Kraus Ryan D, Weil Christopher R, Frances Su Fan-Chi, Cannon Donald M, Burt Lindsay M, Mendez Joe S
Department of Radiation Oncology, Huntsman Cancer Institute, University of Utah, Salt Lake City, UT, USA.
Department of Neurosurgery, Huntsman Cancer Institute, University of Utah, Salt Lake City, UT, USA.
Neurooncol Pract. 2022 May 26;9(5):380-389. doi: 10.1093/nop/npac044. eCollection 2022 Oct.
A post-operative MRI (MRI) performed within 72 h is routinely used for radiation treatment planning in glioblastoma (GBM) patients, with radiotherapy starting about 4-6 weeks after surgery. Some patients undergo an additional pre-radiotherapy MRI (MRI) about 2-6 weeks after surgery. We sought to analyze the incidence of rapid early progression (REP) between surgery and initiation of radiotherapy seen on MRI and the impact on radiation target volumes.
Patients with GBM diagnosed between 2018 and 2020 who had an MRI and MRI were retrospectively identified. Criteria for REP was based on Modified RANO criteria. Radiation target volumes were created and compared using the MRI and MRI.

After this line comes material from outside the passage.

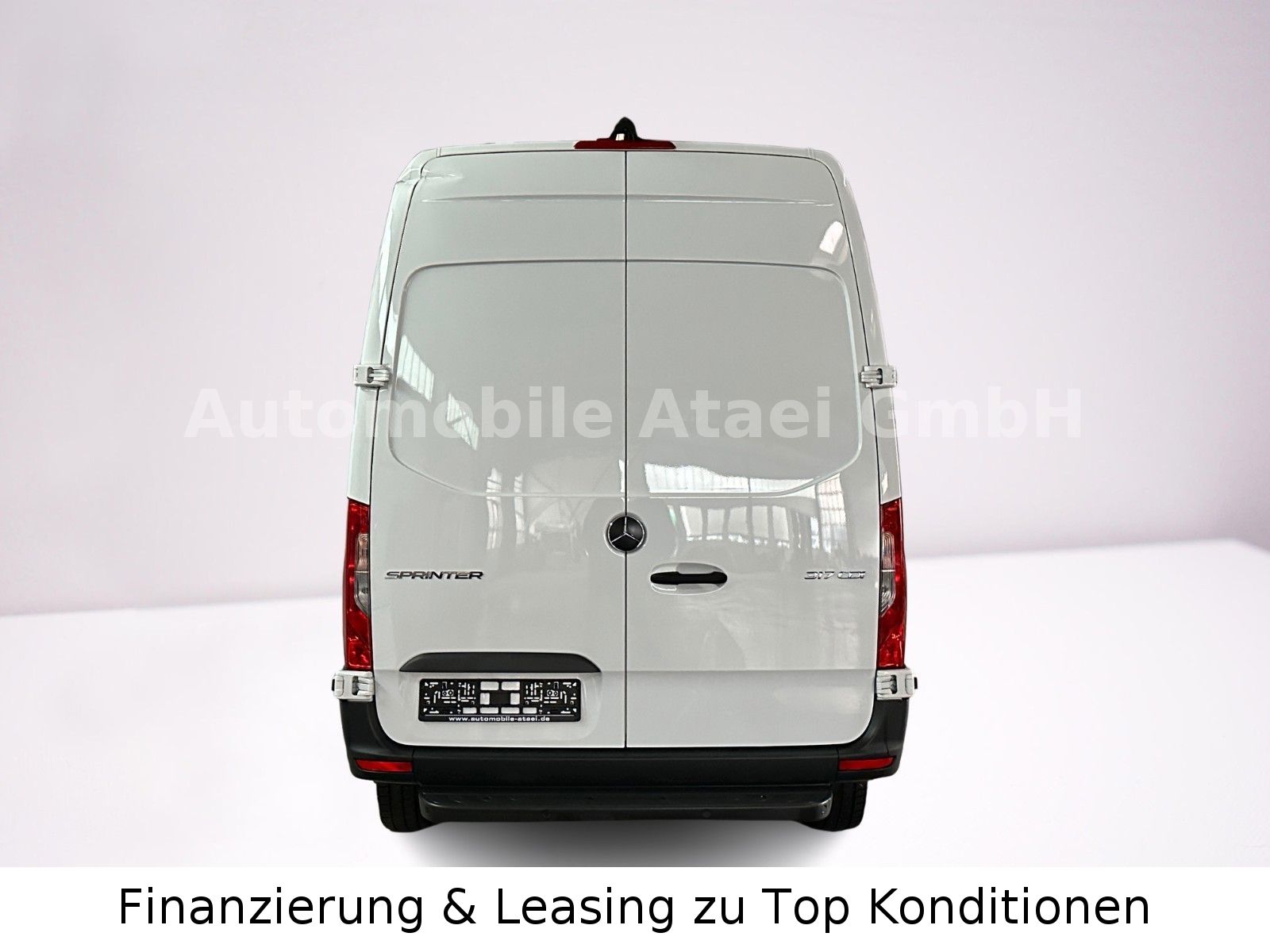 Fahrzeugabbildung Mercedes-Benz Sprinter 317 NAVI+ 360° KAMERA+ SITZHEIZ. (4147)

Fifty patients met inclusion criteria. The median time between MRI and MRI was 26 days. Indications for MRI included clinical trial enrollment in 41/50 (82%), new symptoms in 5/50 (10%), and unspecified in 4/50 (8%). REP was identified in 35/50 (70%) of patients; 9/35 (26%) had disease progression outside of the MRI-based high dose treatment volumes. Treatment planning with MRI yielded a median undertreatment of 27.1% of enhancing disease and 11.2% of surrounding subclinical disease seen on MRI. Patients without REP had a 38% median volume reduction of uninvolved brain if target volumes were planned with MRI.

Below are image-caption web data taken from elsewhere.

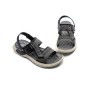 Sandale Barbati 803109 Gri Mels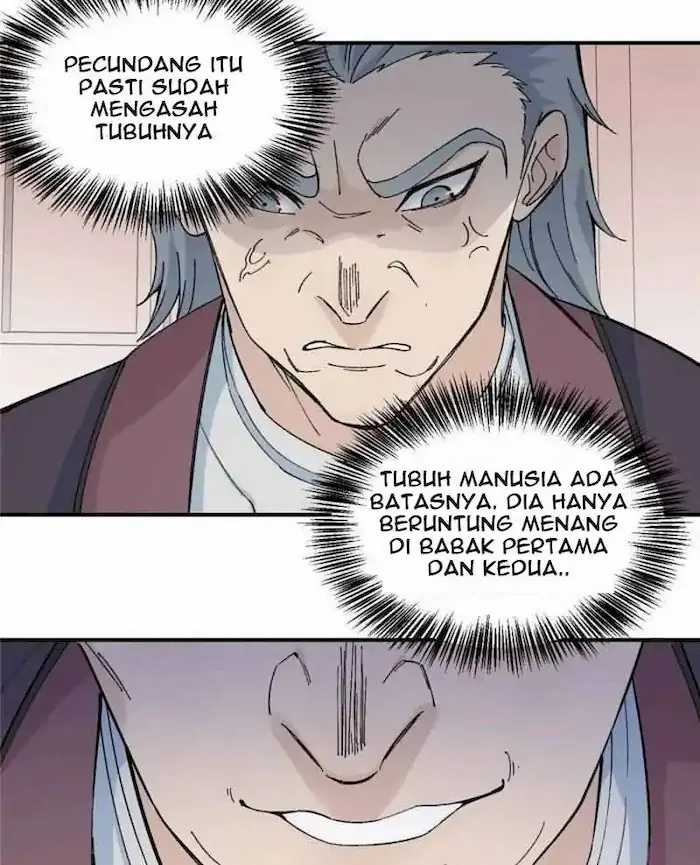 All Hail the Sect Leader Bab 44 halaman 26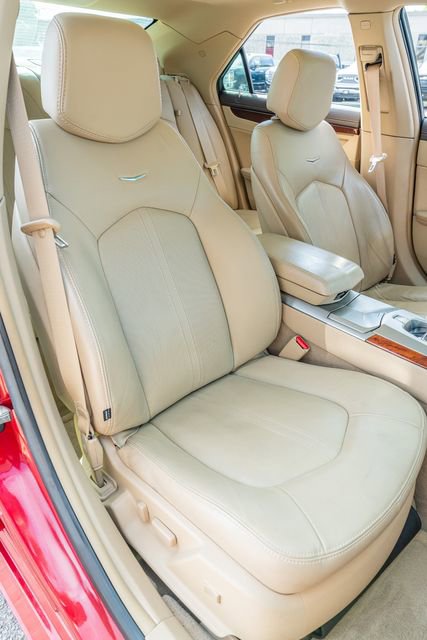 Used 2009 Cadillac CTS 3.6 image 45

Given the incidence of REP and its impact on treatment volumes, we recommend using MRI for radiation treatment planning to improve coverage of gross and subclinical disease, allow for early identification of REP, and decrease radiation treatment volumes in patients without REP.
胶质母细胞瘤(GBM)患者术后72小时内进行的术后磁共振成像(MRI)通常用于放射治疗计划,放疗在术后约4-6周开始。一些患者在术后约2-6周还会进行一次放疗前MRI检查。我们试图分析MRI显示的手术至放疗开始期间快速早期进展(REP)的发生率及其对放射靶区体积的影响。
回顾性确定2018年至2020年间诊断为GBM且进行了MRI检查的患者。REP的标准基于改良的RANO标准。使用MRI创建并比较放射靶区体积。
50名患者符合纳入标准。MRI与第二次MRI之间的中位时间为26天。进行第二次MRI的指征包括41/50(82%)患者参加临床试验、5/50(10%)患者出现新症状以及4/50(8%)患者未明确说明。35/50(70%)的患者被确定为REP;9/35(26%)的患者在基于MRI的高剂量治疗体积之外出现疾病进展。使用第二次MRI进行治疗计划时,增强病灶的中位治疗不足率为27.1%,MRI上可见的周围亚临床病灶为11.2%。如果使用第二次MRI规划靶区体积,无REP的患者未受累脑体积的中位减少率为38%。
鉴于REP的发生率及其对治疗体积的影响,我们建议使用第二次MRI进行放射治疗计划,以改善对大体和亚临床疾病的覆盖,便于早期识别REP,并减少无REP患者的放射治疗体积。